A Vibra Energia tem dezenas de contratos em vigor com a Petrobras, incluindo um contrato de longo prazo para lidar com o diesel “S10” que a Petrobras diz que está fornecendo para o evento, de acordo com informações publicadas em seu Portal da Transparência.

O governo brasileiro convidou um executivo da divisão de energias renováveis da Vibra Energia, Comerc Energia, para a conferência, de acordo com a lista de delegados da COP30 da ONU. A diretora executiva da COP30, Ana Toni, é ex-consultora da Vibra Energia.

A Vibra Energia, por sua vez, investiu para se tornar visível na COP30. A empresa está patrocinando um espaço para eventos chamado Casa Brasil, próximo ao cais de Belém, no qual está promovendo sua campanha para prevenir a violência sexual.

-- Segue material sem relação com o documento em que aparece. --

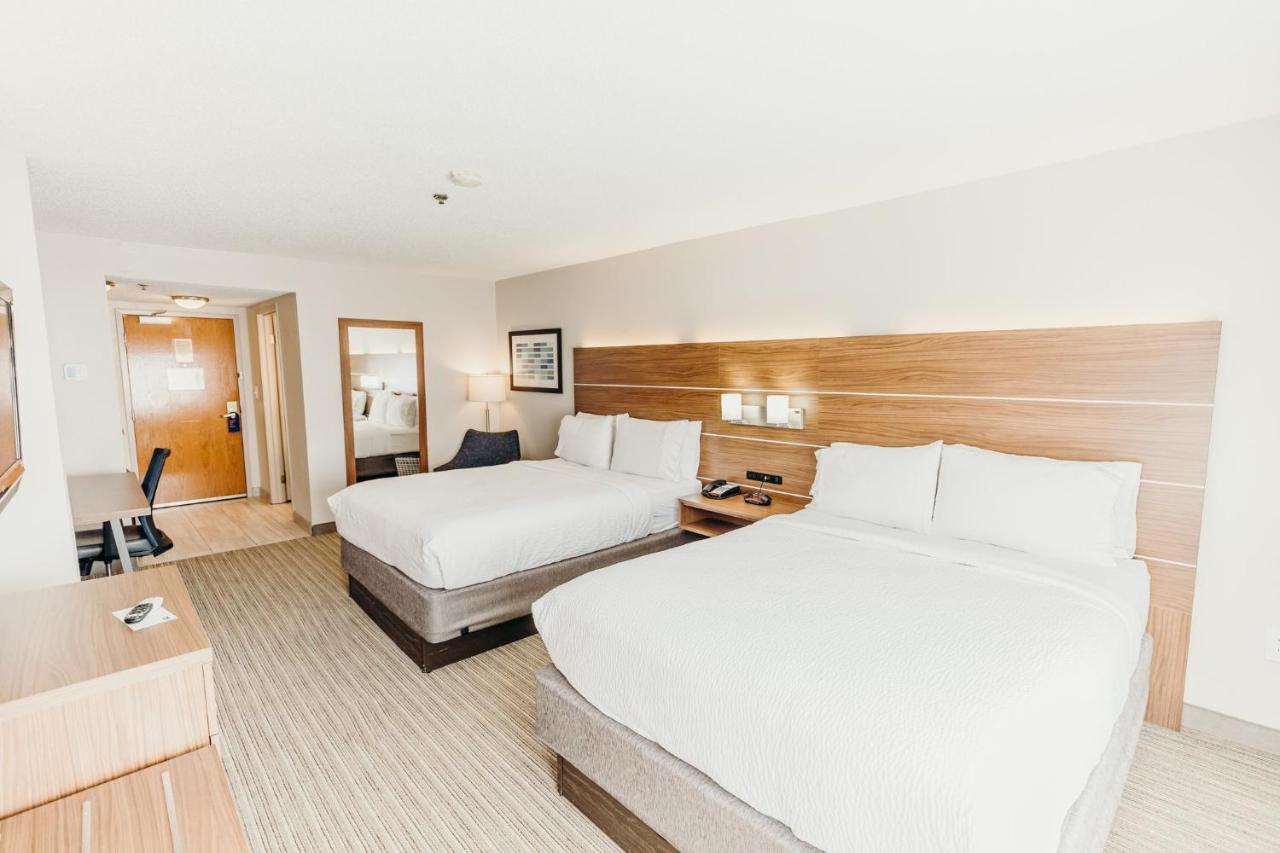 Holiday Inn Express Atlanta - Northeast I-85 - Clairmont Road By Ihg Экстерьер фото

A empresa também patrocinou eventos individuais em outros espaços sobre temas como “soluções de baixo carbono”, ao lado de empresas como ExxonMobil, Shell, BP e Equinor.

A empresa comercializa uma linha de gasolina que descreve como a “primeira gasolina neutra em carbono” do mundo, alegando que as emissões geradas pela queima do combustível são compensadas pelos investimentos da empresa em programas de preservação florestal.

Dois executivos da Vibra Energia fazem parte da delegação do Conselho Empresarial Brasileiro para o Desenvolvimento Sustentável, um grupo de lobby cujos membros incluem grandes empresas de combustíveis fósseis e agronegócio, de acordo com a lista de delegados.

‘Lucro e acesso’

Dirigindo-se aos líderes mundiais reunidos em uma plenária pré-COP30 em Belém, no dia 6 de novembro, o secretário-geral da ONU, António Guterres, disse que “as empresas estão obtendo lucros recordes com a devastação climática — gastando bilhões em lobby, enganando o público e obstruindo o progresso”.

Em junho do ano passado, Guterres disse que as agências de publicidade e relações públicas deveriam abandonar seus clientes do setor de combustíveis fósseis.

Geradores no local da COP30 alimentados a diesel. (Foto: TJ Jordan)

Dezenas de influenciadores, cientistas e pesquisadores assinaram uma carta aberta na semana passada exigindo que os brasileiros abandonassem a Edelman, dizendo que a empresa atrasa as ações climáticas ao fazer greenwashing para clientes poluentes, ao mesmo tempo em que faz lobby contra políticas climáticas fortes.

Isso se seguiu a um apelo feito no mês passado por mais de 200 grupos climáticos e ambientais exigindo que o governo brasileiro removesse a influência dos combustíveis fósseis da COP30, incluindo a proibição de lobistas do petróleo e do gás e o fim de sua parceria com a Edelman.

O site da Edelman afirma que a empresa acredita que “as mudanças climáticas são a maior crise que enfrentamos como sociedade” e que “tem parceria com diversos clientes comprometidos em ajudar a impulsionar a transição para um futuro com emissões líquidas zero, ajudando-os a agir e se comunicar de maneiras mais significativas”.

A empresa também criou um “Conselho Independente de Especialistas em Clima”, que inclui Marina Grossi, enviada especial da COP30 para negócios.

“Na minha experiência, a liderança da Edelman encara o trabalho com clientes altamente poluentes — especialmente petróleo e gás — principalmente através da lente do lucro e do acesso”, disse um ex-funcionário da Edelman que trabalhou em projetos de petróleo e gás para a empresa. “A atitude é basicamente: permanecer na sala e manter um lugar à mesa, mesmo que a mesa esteja determinada a destruir a humanidade.”